By Meghan Droste, September 18, 2019
Humor is generally a matter of personal taste. Knock, knock jokes, for example, are very popular with my nieces, but those of us no longer in the elementary school set generally find them less amusing. While my humor tends toward the more sarcastic, plenty of my friends prefer puns or other types of jokes. Regardless of what tickles our funny bone, I hope we can all agree that harassment is never funny.
Unfortunately for the complainant in Bryant F. v. Department of Homeland Security, his supervisors found his disability rather amusing and repeatedly joked about it. See EEOC App. No. 0120171192 (July 2, 2019). The complainant, a special agent, broke his wrist on the job.
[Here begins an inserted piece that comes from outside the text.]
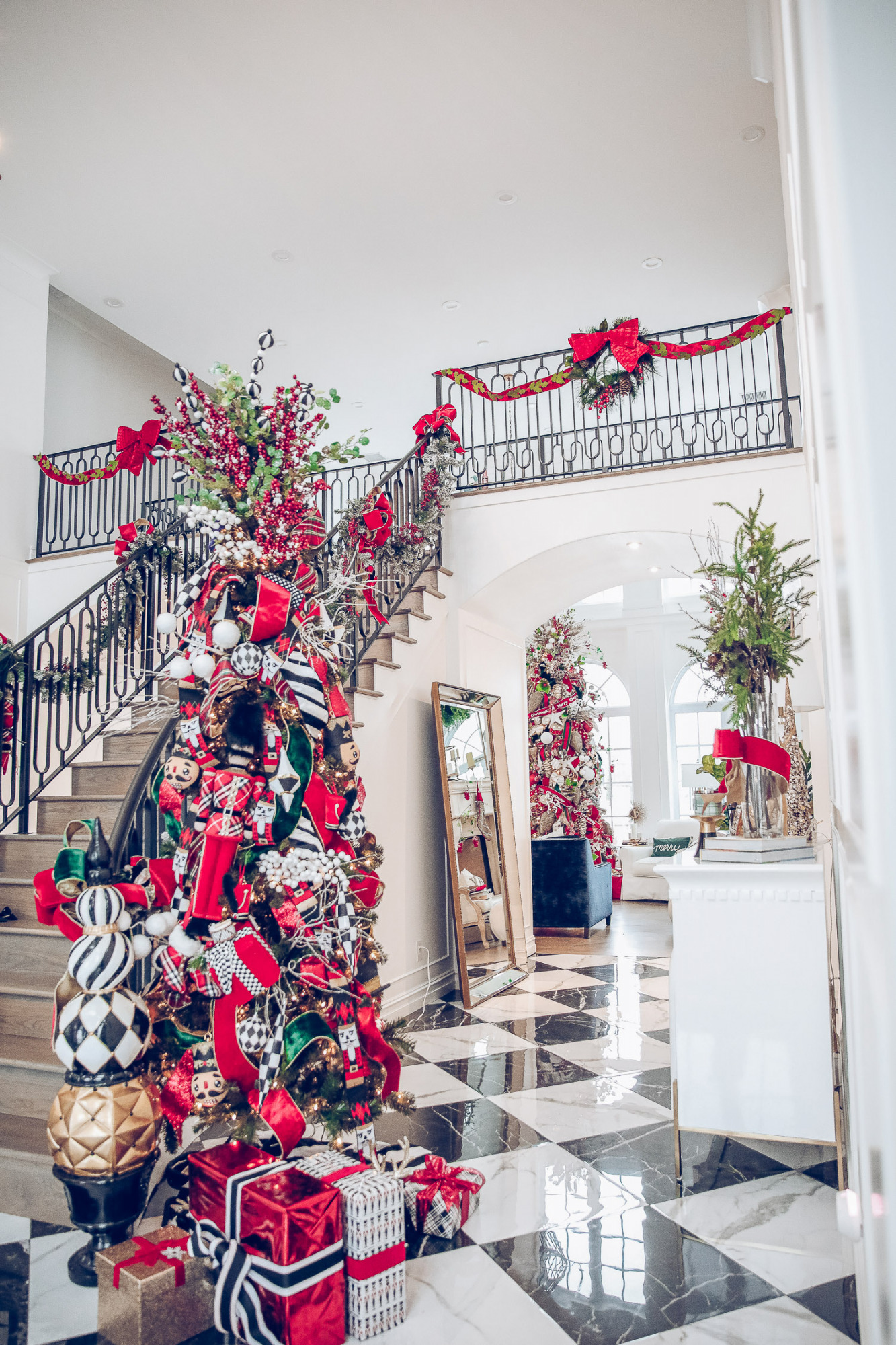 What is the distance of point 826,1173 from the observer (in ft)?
9.06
He had to undergo several surgeries to address the injury. Ultimately, he lost all movement in his wrist and hand. While he was recovering from the injury and the surgeries, his first-, second-, and third-line supervisors repeatedly joked about his injury, asking him about his bowling record and calling him “the bowling team captain” because his cast looked like a bowling brace. When he pushed back against these jokes, which his supervisors subjected him to on a daily basis, his first-line supervisor told him it was “just for fun.”
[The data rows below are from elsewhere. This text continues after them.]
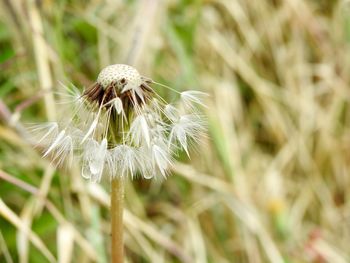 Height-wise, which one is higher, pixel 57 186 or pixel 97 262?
pixel 57 186

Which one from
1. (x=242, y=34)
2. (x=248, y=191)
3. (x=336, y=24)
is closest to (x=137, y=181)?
(x=248, y=191)

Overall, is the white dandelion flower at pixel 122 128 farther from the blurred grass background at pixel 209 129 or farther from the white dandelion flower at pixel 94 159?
the blurred grass background at pixel 209 129

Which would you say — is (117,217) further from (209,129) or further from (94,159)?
(209,129)

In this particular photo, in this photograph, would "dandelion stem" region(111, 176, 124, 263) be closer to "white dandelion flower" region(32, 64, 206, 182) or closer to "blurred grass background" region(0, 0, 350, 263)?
"white dandelion flower" region(32, 64, 206, 182)

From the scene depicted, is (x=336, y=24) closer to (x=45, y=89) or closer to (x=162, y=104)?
(x=45, y=89)

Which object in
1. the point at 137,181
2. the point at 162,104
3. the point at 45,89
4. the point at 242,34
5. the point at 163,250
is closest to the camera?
the point at 162,104

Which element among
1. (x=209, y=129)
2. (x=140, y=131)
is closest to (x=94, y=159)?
(x=140, y=131)

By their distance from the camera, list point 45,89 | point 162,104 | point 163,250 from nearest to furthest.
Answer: point 162,104
point 45,89
point 163,250

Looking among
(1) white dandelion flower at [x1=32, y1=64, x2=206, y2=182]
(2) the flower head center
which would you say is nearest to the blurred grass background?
(1) white dandelion flower at [x1=32, y1=64, x2=206, y2=182]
In addition to “joking” about the complainant’s disability, his first-line supervisor repeatedly attempted to assign him work that went beyond his restrictions. He provided medical documentation to the agency describing his need to remain in the office and not perform field work because of his injury and ultimate loss of mobility. Despite this, his supervisor repeatedly listed him on the roster for field work, causing the complainant to find other agents to cover those duties. The complainant’s second-line supervisor also made comments about the complainant being on light duty, asking if he was “still trying to get out of his duty.”
The complainant initially requested a hearing but withdrew the request before the administrative judge issued a decision and the Commission remanded the case back to the agency for a Final Agency Decision. The agency determined in its FAD that the complainant failed to prove any of his claims of discrimination or harassment.
Unsurprisingly, the Commission reversed. It concluded that the complainant’s supervisors repeatedly harassed him when they “joked” about his cast and made comments about him being on light duty. It also held that the agency failed to accommodate the complainant when his supervisor repeatedly tried to assign duties that went beyond his physical restrictions and when it failed to look for a reassignment when it became clear that he would not recover mobility in his wrist and hand.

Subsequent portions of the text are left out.